Bizden evlerimizi, bizden anılarımızı, bizden önüne geçip geçip hayaller kurduğumuz konaklarımızı aldı. Kimi adı sanı belli konaklar bunlar;  Hırlakyan Konağı, Zabun Konağı, Çiftaslan Konağı; kimi de benim adını bilmediğim tarihine yaşımın yetmediği ama yaşadığım yıllar boyu hayallerimi süsleyen yeşil konak,  Sütçü İmam’a doğru giderken yol üstlerinde gördüğüm mavi konak, pembe konak ve adını daha bilmediğim nicelerini de aldı ve şehrimize koskoca bir toz bulutu bırakıp gitti.  Hâlâ gitti demeye dilimiz de varmıyor çünkü bizden aldıklarıyla birlikte bıraktığı çok büyük bir korku var.

Korkunun yanında dört gün aç kalabilme gücünü de bıraktı. Günlerce yağmur altında enkaz başında, saçlarımız toz toprak içinde ve enkaz tozu yuta yuta yaşayabilme yetisini de. O binaların kibrit kutuları gibi ezildiğini, gözümüzün önünde çatırdadığını, o yıllanmış ağaçların her sarsıntıda yere devrildiğini gördüğümüz halde Ali’nin sağ çıkacağına dair umutlar bıraktı bize. Sonra utanmadan önce o umudu, sonra Ali’yi de aldı bizden. Ve en nihayetinde bize müthiş korkular, ayrılıklar ve artık her bayram gidilecek altı mezar bıraktı.

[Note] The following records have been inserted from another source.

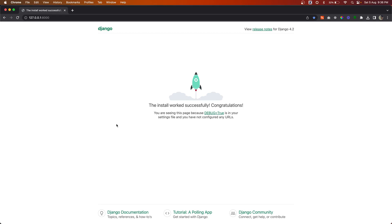Let's create our first custom command in Django. We will start with the basic command and then increase the complexity step by step. Let's start with creating one simple command — we will create a hello world command.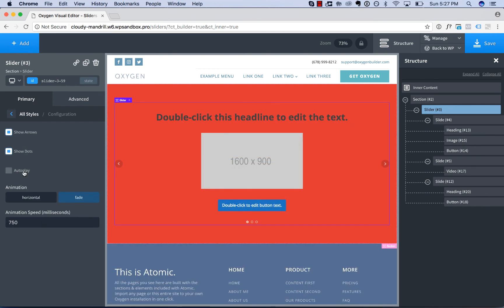Okay, that is how to use Oxygen slider element to put anything you want in a slider. Thank you very much for watching.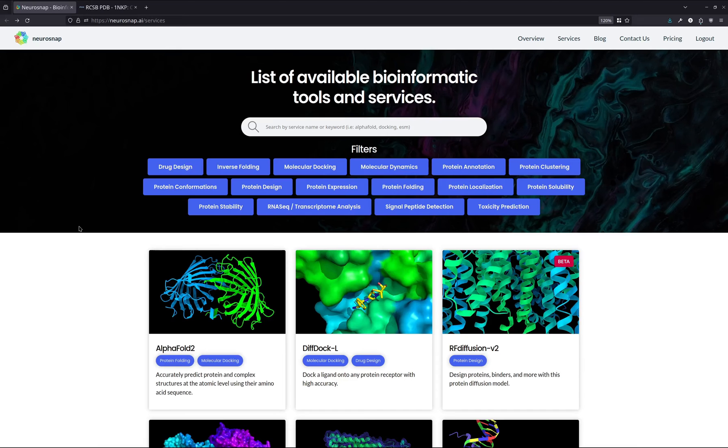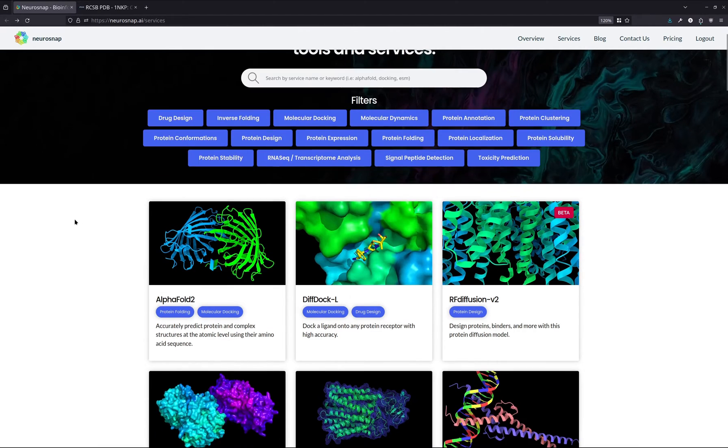In this video, we're going to be showing you how to use the RosettaFold All Atom model using the Neurosnap platform.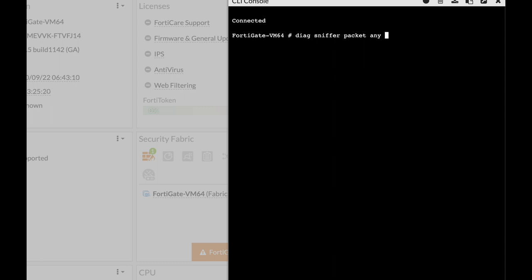After that you filter the traffic. You can filter it using the source, destination, or protocol. We'll use the host, so we'll use the host 10.0.3.1 which is my gateway.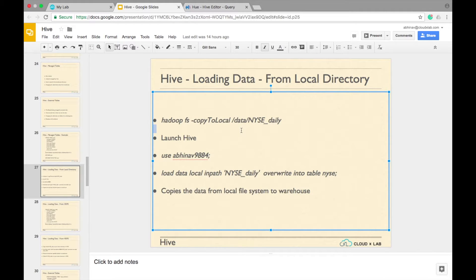Let us load the data into the NYSE table. We can load data either from the local file system in the Linux console or from HDFS. In most production scenarios, we will load data from HDFS as the local file system cannot store big data. We will use the Hive command line to load data from local file system.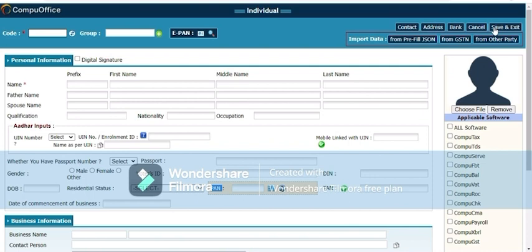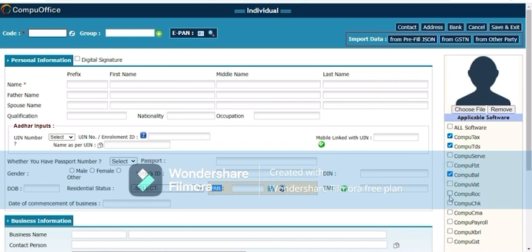Before you click save and exit, you must select the master where you want to use it: for income tax, for TDS, for balance sheet, for GST, for ROC. You can select it from here. One master is enough to use in income tax, ROC, and other softwares.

Depremin üzerinden iki bayram geçti. İki bayramdır amcam babamın elini öpmedi.

Bıraktığı şeylerden biri de korkunç bir yabancılık hissi. Kendi şehrimizde, doğup büyüdüğümüz bu memlekette yürüdüğümüz sokakları tanıma, buralıyım deme gücünü de aldı bizden. Şuranın dondurması güzel gidelim dediğimiz pastanelerimiz, ekmek almaya gittiğimiz fırınlarımız, Ulu olan bir camiimiz yok artık. Her zaman gittiğimiz dükkânlarımız, yıl on iki ay yerinde duran her sabahın yedisinde açılan dükkânlarımız yok. Gitme hayalleri kurduğum, tüm seyahat planlarımı süsleyen Antakya sokakları, Malatya, Adıyaman… Gidince buraya mutlaka giderim dediğim Affan Kahvehanesi,  Habib-i Neccar Camii, eski Antakya sokakları yok.

Hayatın o eski tadı tuzu, yaşamaya dair bir ince heves, yaptığımız şeylerin bir anlamı da yok. O kadar hızlı, o kadar çabuk, o kadar bir anda oldu ki her şey ve o kadar bir anda öldü ki herkes geri kalan zamanların anlamlılığını sorgulamamak işten değil. Bu kadar büyük bir yıkımın yanında neyin ‘iyileştirici gücü’ varsa ona sığınmak istiyor insan ama bu yer altı canavarı ara ara hatırlatmaları ile buna da engel oluyor. Dört yanı çevrili bir hapishane oldu şehirler ve iyileşmek için tek bir şey, tek bir güç, tek bir anlam yetmiyor. Yalnızca tüm bu olanların, tüm bu ölenlerin, tüm bu sebeplerin yerlerin ve göklerin sahibi müstesna.